PROBLEM DETAILS: Restate the whole listing below word for word and keep the images out.

SOURCE DATA:
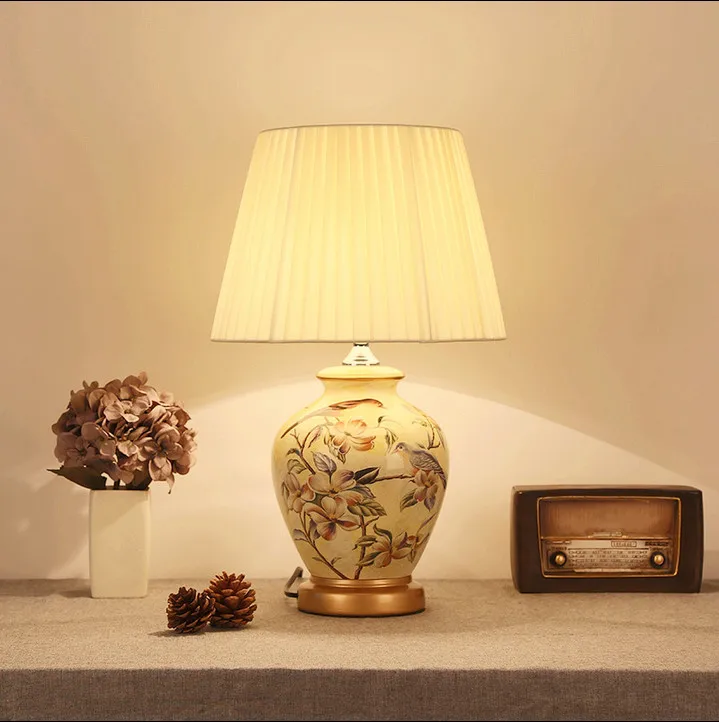 Китайские керамические настольные лампы с цветами и птицами. Ретро-стиль, желтый корпус, диммерный выключатель и тканевая лампа E27 для спальни, прихожей и студии. Модель MF028.
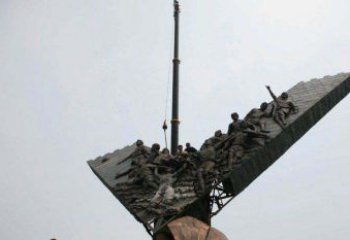 常州充满激情的足球队人物铜雕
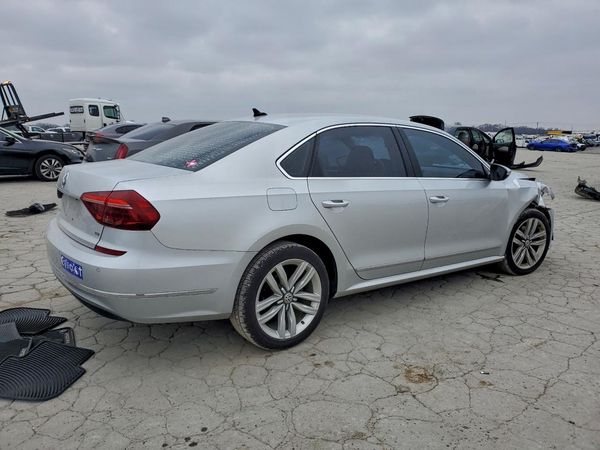 2017 VOLKSWAGEN PASSAT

RESULT OF THIS EXERCISE:
 Китайские керамические настольные лампы с цветами и птицами. Ретро-стиль, желтый корпус, диммерный выключатель и тканевая лампа E27 для спальни, прихожей и студии. Модель MF028.
 常州充满激情的足球队人物铜雕
 2017 VOLKSWAGEN PASSAT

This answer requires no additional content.